A Sergeant sat me down a few days ago at my CFRC to explain how it works when I'm applying for a trade. Take MARS Officer for example, which is what I'm currently applying for. My CFAT results came back saying that I do indeed have the score to qualify for the MARS trade. The Direct Entry Officer (DEO) plan for MARS is then outlined by an entry standards chart. It states that an ideal DEO candidate would have a Bachelor of Engineering, Science, or Arts; and an acceptable candidate would have any undergraduate degree from a recognized Canadian university. To sum it up, first your CFAT score determines whether you qualify for certain trades, second if you do qualify and would like to pursue the direct entry plan, there are academic requirements that you have to satisfy in order to continue.

Lastly, don't forget that depending on whether you're applying for regular or reserve force (full/part-time), there is a contract length of how many years you have to serve before you can release. If your ultimate goal is to become a firefighter, do you really want to pursue other trades in the Navy for x number of years before being able to pursue the firefighter career ? Keep in mind that Fire Fighter is also a trade in the CF, do some research on it and see if that's something you'd like to do. It's the best of both worlds if you want to experience the CF and become a firefighter. You can find the trade by clicking on this link: http://www.forces.ca/en/job/firefighter-62


----------



## mariomike (24 Jun 2015)

From the Original Post, it sounded to me like firefighting is something s/he wants to do after they get out,



			
				LayeSone said:
			
		

> When I get out of the navy I would like to pursue a career in firefighting.





			
				BlueAngels14 said:
			
		

> If I understand you correctly, you'd like to pursue one of the trades you mentioned above in the Navy, then pursue a firefighter career after experiencing the Navy ?


----------



## BlueAngels14 (24 Jun 2015)

Yea I see it now, you're right mariomike. Also just wanted to quote the direct entry part for Fire Fighter:

DIRECT ENTRY

If you already have a college diploma, the Forces will decide if your academic program matches the training criteria for this job and may place you directly into the required on-the-job training program following basic training.

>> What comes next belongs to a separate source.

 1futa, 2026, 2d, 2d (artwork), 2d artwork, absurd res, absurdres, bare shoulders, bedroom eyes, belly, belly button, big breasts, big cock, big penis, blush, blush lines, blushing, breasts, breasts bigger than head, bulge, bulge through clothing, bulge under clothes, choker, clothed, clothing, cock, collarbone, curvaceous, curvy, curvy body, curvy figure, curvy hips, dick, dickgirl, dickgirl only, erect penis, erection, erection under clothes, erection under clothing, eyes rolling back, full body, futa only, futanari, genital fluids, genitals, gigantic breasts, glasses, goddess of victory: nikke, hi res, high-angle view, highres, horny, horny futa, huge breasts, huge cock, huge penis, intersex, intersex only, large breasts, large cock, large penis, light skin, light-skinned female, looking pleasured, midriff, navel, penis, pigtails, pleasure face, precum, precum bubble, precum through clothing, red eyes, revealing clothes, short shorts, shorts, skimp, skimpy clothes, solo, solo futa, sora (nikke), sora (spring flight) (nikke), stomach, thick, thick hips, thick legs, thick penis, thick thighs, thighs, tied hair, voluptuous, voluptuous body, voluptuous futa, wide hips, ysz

Basic training and military occupation training is required before being assigned.

Fire Fighter is a very popular occupation and, as a result, very competitive. Successful applicants often have additional education in a related field or previous experience as a full- or part-time fire fighter. Applicants should be physically fit, follow a physical fitness program and pursue an active and healthy lifestyle.

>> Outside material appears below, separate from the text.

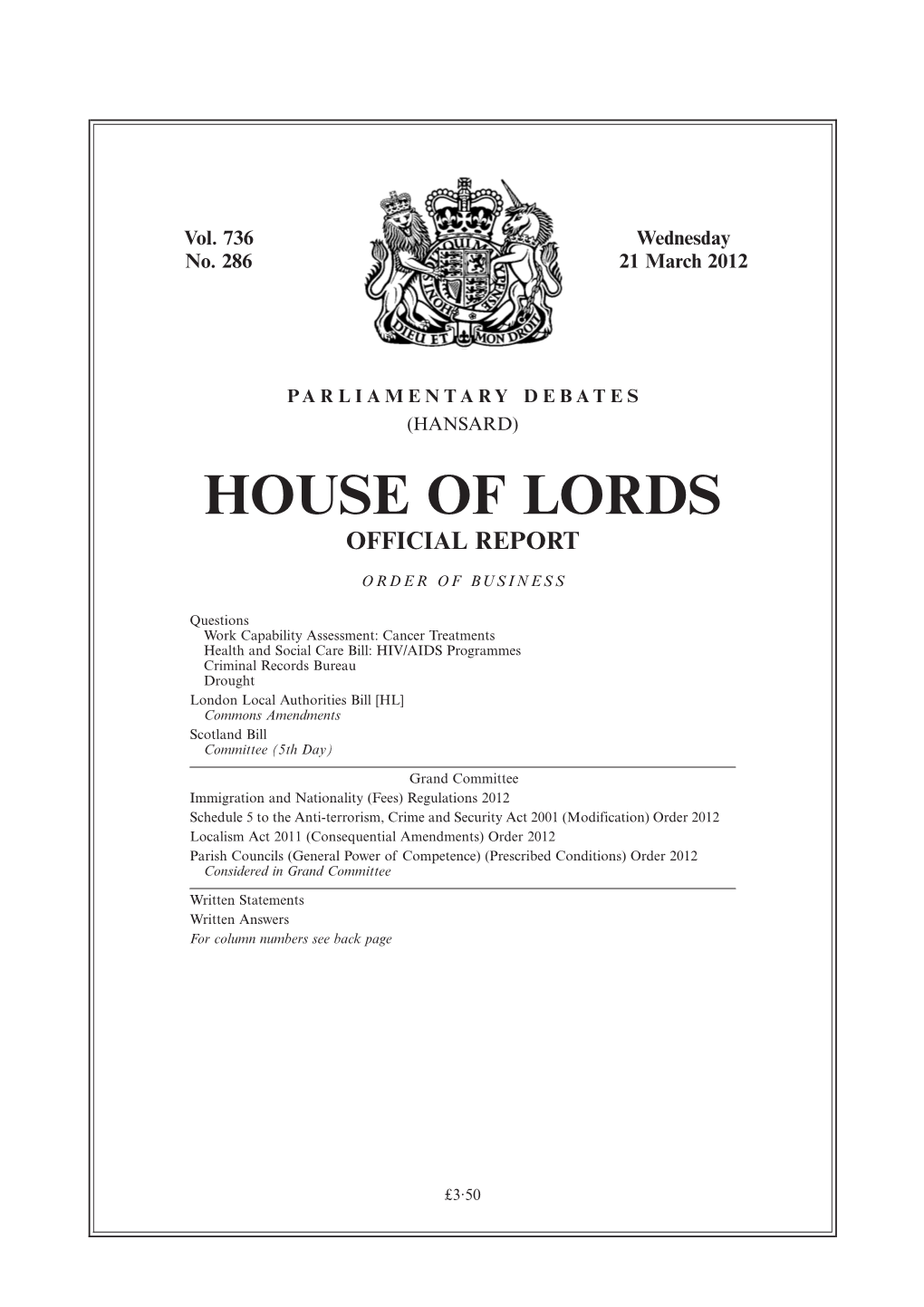 House of Lords Official Report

All applicants are required to successfully pass the Firefighter Pre-Entry Fitness Evaluation prior to beginning training at the Canadian Forces Fire Academy.


----------



## DAA (24 Jun 2015)

BlueAngels14 said:
			
		

> Yea I see it now, you're right mariomike. Also just wanted to quote the direct entry part for Fire Fighter:
> 
> DIRECT ENTRY
> 
> ...



Regrettably, there is NO such thing as "Direct Entry NCM", it just doesn't exist.  It's either unskilled, semi-skilled or skilled.  In reality, the CF has hired about 16 Fire Fighters so far this year and only 4 of those had any kind of prior fire fighting experience and or qualifications.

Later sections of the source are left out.